By age 10, he was doing backflips a dozen at a time, making the family wonder if gymnastics was his true calling. A few years later, he would be a dominant middle school wrestler, and was dunking basketballs in high school.
The spring before his senior year at Louisville's Trinity High, he clocked a laser-timed 4.33-second 40 at the Nike Opening event in Chicago, which sparked a deluge of scholarship offers from powerhouse programs like Alabama and Ohio State.
Crediting the athlete Moore has become to simple genetics, however, sells his sacrifice short. Genetics don't make middle schoolers rip off 200 pushups a day, as Moore did, or catch 500 balls from a Jugs machine on days when Purdue players were supposed to take off from training. Genetics weren't what allowed a 180-pound Moore to squat 600 pounds just five weeks after his arrival at Purdue as a freshman. No, the makings of that feat were forged with countless hours in the gym. Indeed, just a year earlier and 10 pounds lighter, he was squatting 530 to far less fanfare in the Trinity High weight room.
Moore began occasionally training with Vaughn, at least informally, as far back as middle school. But once he reached high school, determined to earn a college athletic scholarship, he started training with Vaughn on a regular basis. He was aware Vaughn had trained many of the top high school athletes around Louisville, including Cleveland Browns WR Taywan Taylor, and began putting himself through exhaustive, grueling workouts.

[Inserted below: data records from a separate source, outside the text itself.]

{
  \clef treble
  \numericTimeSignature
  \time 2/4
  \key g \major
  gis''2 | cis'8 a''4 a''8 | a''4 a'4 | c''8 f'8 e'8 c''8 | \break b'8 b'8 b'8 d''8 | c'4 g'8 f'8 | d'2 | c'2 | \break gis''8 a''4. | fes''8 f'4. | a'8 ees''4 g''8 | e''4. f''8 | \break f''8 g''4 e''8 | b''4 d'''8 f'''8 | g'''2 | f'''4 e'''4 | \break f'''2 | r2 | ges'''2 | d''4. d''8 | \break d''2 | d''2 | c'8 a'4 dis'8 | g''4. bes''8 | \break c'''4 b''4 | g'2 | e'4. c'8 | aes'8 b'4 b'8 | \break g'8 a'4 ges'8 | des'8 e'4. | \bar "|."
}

"He's an elite athlete who always showed up 20 minutes early, with his shoes tied, ready to work. He could lift with our linemen and outrun all our skill guys." DOMENIC RENO
On the night Moore received the Paul Hornung Award as college football's most versatile player -- he was the first true freshman ever to win the honor -- Vaughn all but had to kick him out of a training session so he wouldn't be late to a banquet for 600 held in his honor. The Hornung Award is presented in Louisville, the late Hall of Famer's hometown, so Moore only needed to hop in his car for a short drive to get there. After winning Hornung's high school award as the top prep player in Kentucky the year before, he at least knew the way.
"He made it," Vaughn said. "But he wasn't going to cut a workout short."

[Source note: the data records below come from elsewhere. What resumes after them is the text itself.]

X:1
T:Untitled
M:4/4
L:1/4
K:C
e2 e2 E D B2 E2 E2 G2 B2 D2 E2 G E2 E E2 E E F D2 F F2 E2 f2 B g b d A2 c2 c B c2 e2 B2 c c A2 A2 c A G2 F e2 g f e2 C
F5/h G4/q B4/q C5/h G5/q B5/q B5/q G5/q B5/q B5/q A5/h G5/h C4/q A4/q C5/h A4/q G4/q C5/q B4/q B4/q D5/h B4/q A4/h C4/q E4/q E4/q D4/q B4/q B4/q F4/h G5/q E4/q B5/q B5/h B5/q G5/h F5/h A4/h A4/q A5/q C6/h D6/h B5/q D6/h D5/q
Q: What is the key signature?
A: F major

Perhaps no NFL team will have a better insight into Moore's athletic prowess than the Los Angeles Rams, as their new head strength coach, Justin Lovett, held the same role at Purdue during Moore's first two years in the program. Lovett witnessed Moore's 600-pound squat firsthand and has an insider's knowledge of both his physical capabilities and his work ethic. Current Boilermakers strength coach Domenic Reno took over for Lovett earlier this year.
"(Lovett) saw the same things in him that we all saw," Reno said. "He's an elite athlete who always showed up 20 minutes early, with his shoes tied, ready to work. He could lift with our linemen and outrun all our skill guys. Just a special, special player."